The checklist that reviewers for the Journal of Open Source Software use is helpful for software creators, too; see if your software meets their criteria for well-documented, runnable academic software.
This article by Raghupathi, Raghupathi, and Ren (p.6) features a rubric they used for a large-scale reproducibility study, specifically looking at whether a paper's methods, data processing, and experiment techniques are reproducible. The criteria are also useful for self-assessment.
ReScienceC is a collaborative, open source journal focused entirely on replicating the results of previously published computational research papers. The journal's articles give readers a sense of many common issues that prevent experiments from being reproduced
This resource from Library Carpentries is divided up by discipline. Each lesson has a set of ten ideas and exercises to help users in fields ranging from nanotechnology to music to assess their tools, workflows, and publications for FAIR-ness
The Turing Way is "handbook to reproducible, ethical and collaborative data science." It's an ongoing project written by collaborators across the world and incorporates practical software instruction as well as larger-picture advice about how to collaborate with others and design ethical projects.

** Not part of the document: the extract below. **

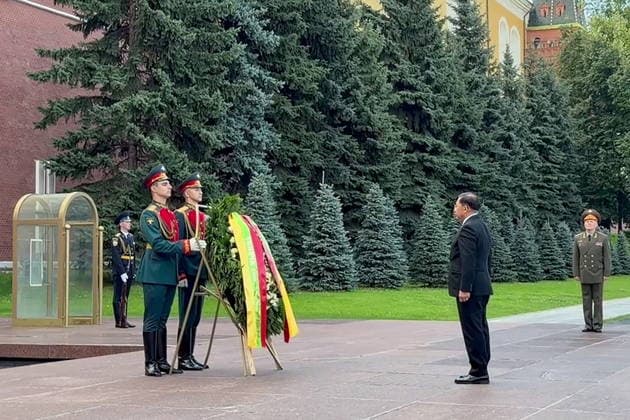 RUSSIA, MOSCOW - AUGUST 18, 2026: Min Aung Hlaing (C), President of Myanmar, attends a ceremony to lay wreaths at the Tomb of the Unknown Soldier in Alexander Garden. Yelizaveta Malkina TASS  96319051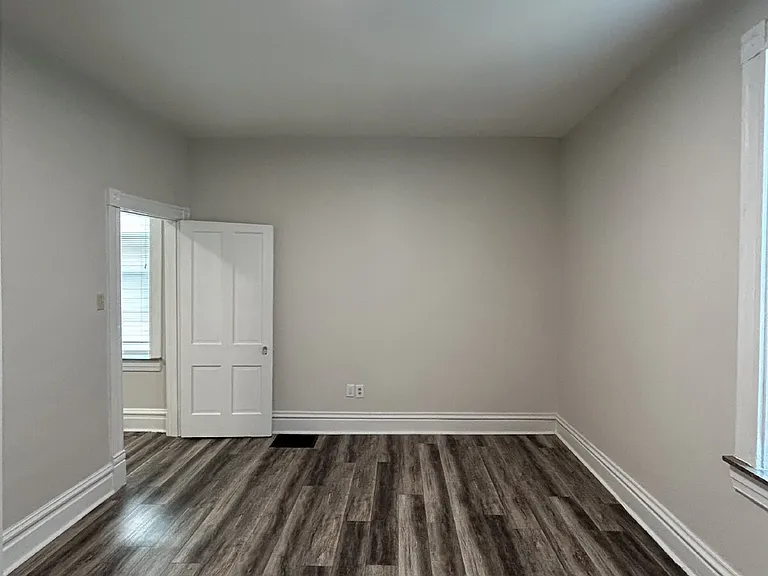 5228 Northrup Ave — Photo 9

The Practice of Reproducible Research presents concrete examples of how researchers in the data-intensive sciences are working to improve the reproducibility of their research projects. In each of the thirty-one case studies in this volume, the author or team describes the workflow that they used to complete a real-world research project. Authors highlight how they utilized particular tools, ideas, and practices to support reproducibility, emphasizing the very practical how, rather than the why or what, of conducting reproducible research. Part 1 provides an accessible introduction to reproducible research, a basic reproducible research project template, and a synthesis of lessons learned from across the thirty-one case studies. Parts 2 and 3 focus on the case studies themselves. The Practice of Reproducible Research is an invaluable resource for students and researchers who wish to better understand the practice of data-intensive sciences and learn how to make their own research more reproducible.